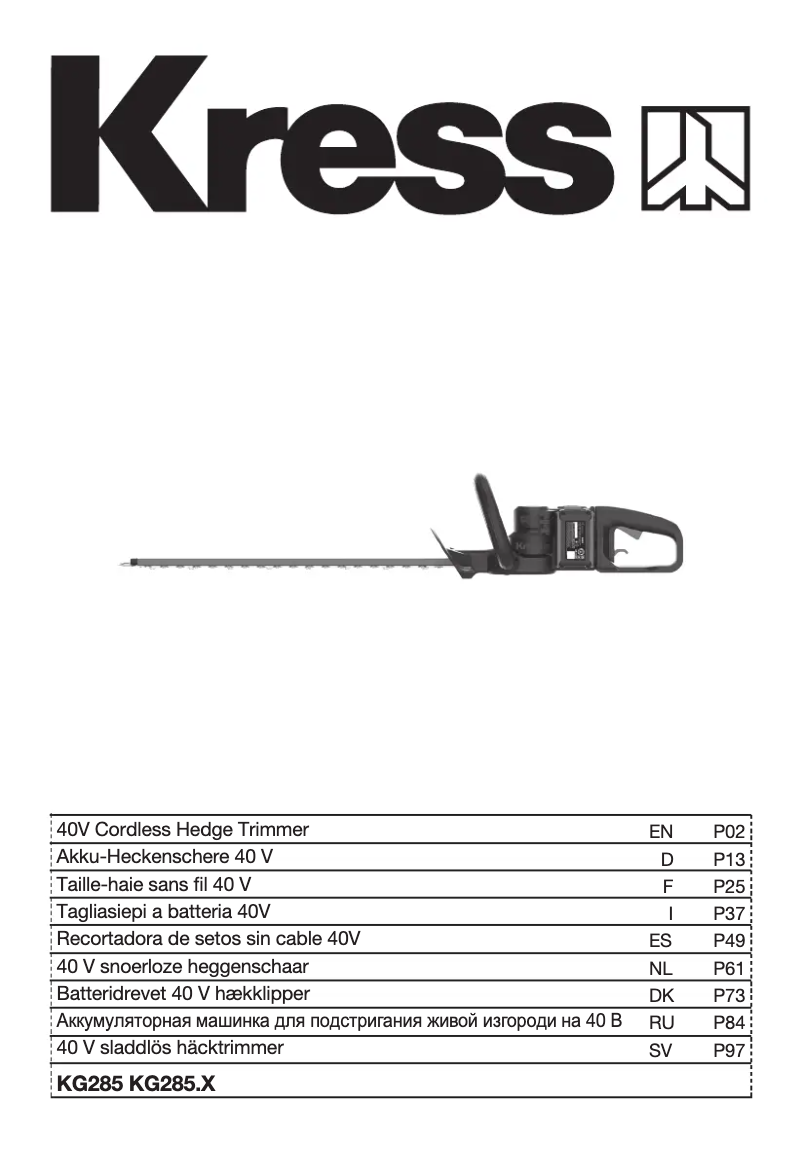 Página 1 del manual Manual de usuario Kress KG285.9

==

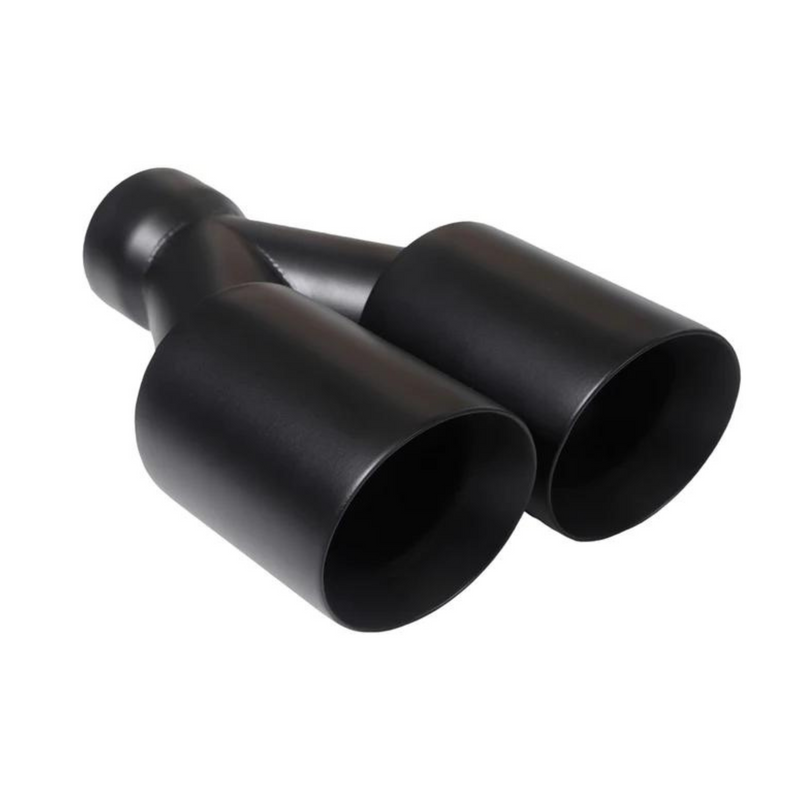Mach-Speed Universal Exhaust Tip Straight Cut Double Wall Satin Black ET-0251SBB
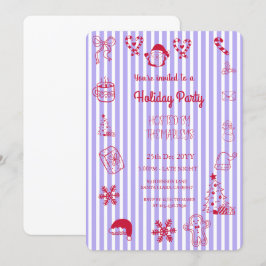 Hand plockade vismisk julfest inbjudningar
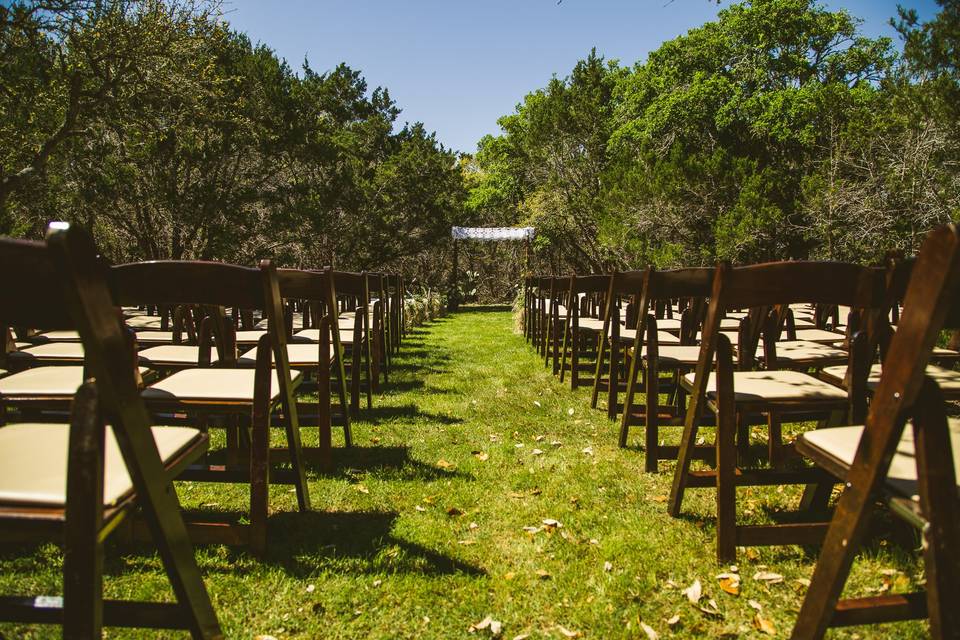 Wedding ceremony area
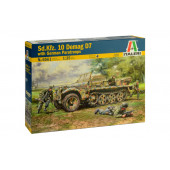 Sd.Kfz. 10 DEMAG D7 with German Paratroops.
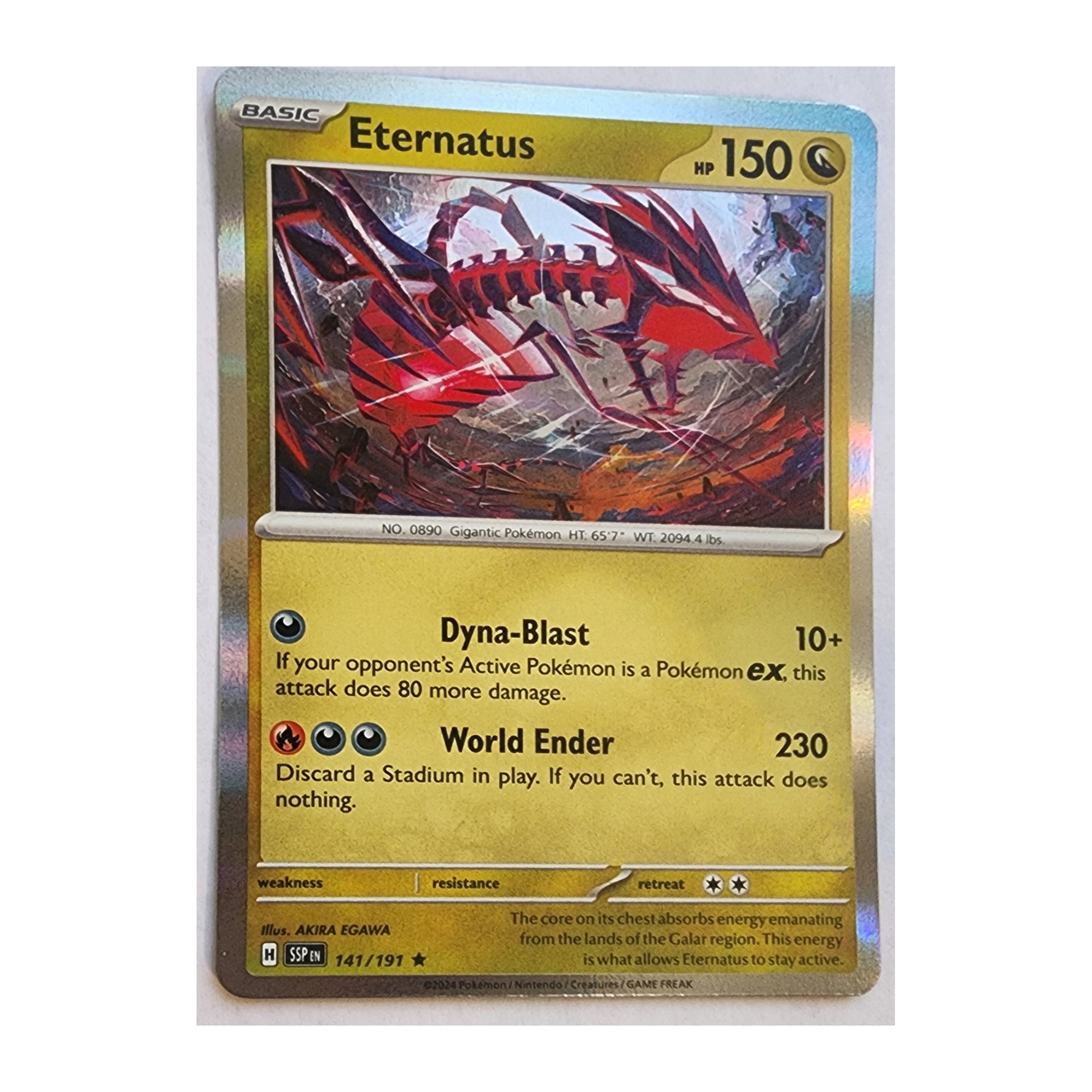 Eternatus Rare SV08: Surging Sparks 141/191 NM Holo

◆ DIRECTIONS FOR THIS TASK ◆
When you reach the line holding "Hand plockade vismisk julfest inbjudningar" in the listing above, begin retyping exactly, and stop once the line holding "Eternatus Rare SV08: Surging" is done; pictures stay out.

◆ PROBLEM SOLUTION ◆
 Hand plockade vismisk julfest inbjudningar
 Wedding ceremony area
 Sd.Kfz. 10 DEMAG D7 with German Paratroops.
 Eternatus Rare SV08: Surging Sparks 141/191 NM Holo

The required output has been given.